Notwithstanding that the description provided herein particularly focuses upon implementation of a work platform system within the vessel 100, this is only intended as an example. Indeed, it should be appreciated that the same or similar (or substantially similar) processes for implementing work platform systems, and/or the same or similar (or substantially similar) work platform systems and/or associated component(s), can be utilized in connection with a variety of other types of structures having large internal chambers within which the work platform systems are to be erected, positioned, or otherwise implemented. For example, while the vessel 100 is a conical structure having the top rim 102 that is circular, in other embodiments, the structure within which the work platform system is implemented can be a downwardly-orientated pyramidal structure (e.g., with a top rim that takes the shape of a square, rectangular, or some other polygon). Also, it is envisioned that the same or similar (or substantially similar) work platform systems, and/or the same or similar (or substantially similar) work platforms and/or associated components, can be utilized in relation to other structures having large internal chambers, even where those structures have walls that do not progress inwardly towards one another as one proceeds downward from the top of the structure to the bottom of the structure. In particular, encompassed herein are also embodiments in which the work platform systems are configured to be implemented in a conical structure or polygonal structure in which the walls of the structure proceed inwardly toward one another as one proceeds upwardly rather than downwardly (e.g., the tip of the structure is at the top rather than the bottom).

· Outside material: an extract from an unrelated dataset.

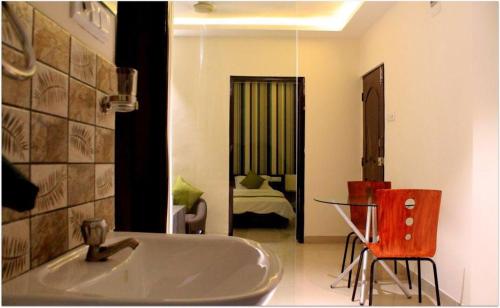 a bathroom with a tub and a table and a bedroom at Magnus Calypso Suites Viman Nagar in Pune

Referring particularly to FIG. 1, in the present embodiment, the process of implementing a work platform system within the vessel 100 begins by provision of a cap 108 extending over the top rim 102 of the vessel. As shown, the cap 108 more particularly includes a plurality of rigid top beams (or roof rafters) 110 extending inwardly from the top rim 102, upon which those beams (and the cap) are supported, up to an inner ring 112 forming on orifice (or oculus) 114 in the middle of the cap. A vertical axis 115 extends from the bottom tip region 106 of the vessel 106 all of the way through the vessel up through the center of the orifice 114 (an arrow 117 also shown to be along this axis is discussed further below). In the present embodiment, an annular roof or ceiling portion 116 rests upon the rigid top beams 110 so as to extend inward from the top rim 102 to the inner ring 112. FIG. 1 particularly shows a portion of the annular roof 116 removed to better reveal some of the beams 110 (which are otherwise shown in phantom), albeit it should be understood that the annular roof forms a complete annulus extending around the ring 112. Although in the present embodiment the cap 108 and its various subcomponents 110, 112, 114, 116 can be considered a part of the work platform system, it can also alternatively be considered a part of the vessel 100 that preexists establishment of the work platform system.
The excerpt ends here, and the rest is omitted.